With every major change of the seasons, Winter to Spring, Summer to Fall, the Canada geese would make their pilgrimages either North or South. To get there on time they would normally head in the intended direction when the weather was also starting to change. In the Spring the snow would still be lingering on the north slopes, and the back roads, unpaved as always, would be muddy tracks through the fields or trees. In the Fall the leaves would be well along, having changed color, drying out and wavering in the chilly wind, some having fallen already and crunching beneath my heavy boots.
My mind, sodden from the memory of the winter and the constancy of the cold, never quite believing that it would ever end, was hungry for the next signs promising the change and deliverance of the next season. When I thought I was at the end of my patience that’s when the Canada geese would appear. I would begin listening for them, impatient for their arrival, scanning the horizon for those first waves of V shaped formations, their strong wings powering their way towards me. I would listen harder and eventually I would be rewarded with the staccato cries of the geese calling from high up in the clouds. My ears catching every note as it sifted down through the grey misty haze and broke like sharp, crystal-edged flakes of sound around my soul. Each call a request, an invitation to join them, if only I weren’t locked tightly to the earth.
Take me with you, I would say to them quietly, take me with you. Often I would call it loudly up into the sky in a vain attempt to reach them, to make them see that I was trapped here and could not leave. I wanted desperately to join them, to go with them to those far off places, but they never paused in the steady rhythmic beating of their wings. If they saw or heard me they showed no sign of it, for I was not of them.
Year after year, season after season, it never failed to happen. When the first wings appeared out of the distance, impossibly high, looking like dotted lines drawn against the expanse of sky, their bodies just a dark silhouette, always, always when the first faint call reached out of the mist, the thought would jump unbidden into my mind.
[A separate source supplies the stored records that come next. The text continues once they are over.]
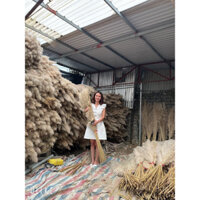 Sỉ Combo 50 bông hoa cỏ lau khô tự nhiên 1.5m trang trí tiệc, cổng cưới, sân khấu cưới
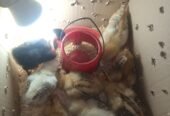 pure Desi active and vaccinated 9chicks for sale!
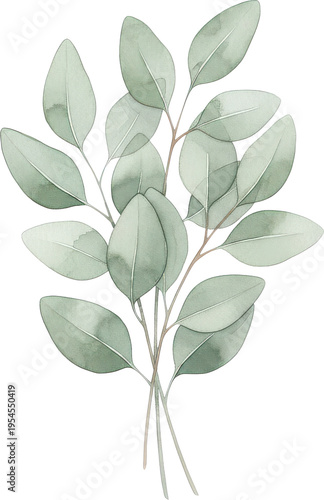 水彩で描かれたユーカリの葉束 透明感あふれるボタニカルイラスト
Look, I am here, take me along.
Heading north in the Spring and south in the Fall, stark against a deep blue sky, every feather outlined in perfect detail, or passing through clouds, their shapes becoming faint and opaque like shadows barely seen in the darkness. Their calls muffled, the size of their bodies getting ever smaller as I watched them recede into the distance, their calls fainter and fainter until they were gone and only an echo of them remained in my mind. Take me with you, I would say, and though I was forever rooted to the ground, I never ceased to ask.
Now years later I still find that catch in my throat as I stand here leaning against the door frame, my nose pressed tightly against the metal mesh inhaling the sharp metallic tang of cool fall air through the screen door. I’m waiting once again for the sound and sight of the high-flying geese heading South. I am here and the season is changing yet again.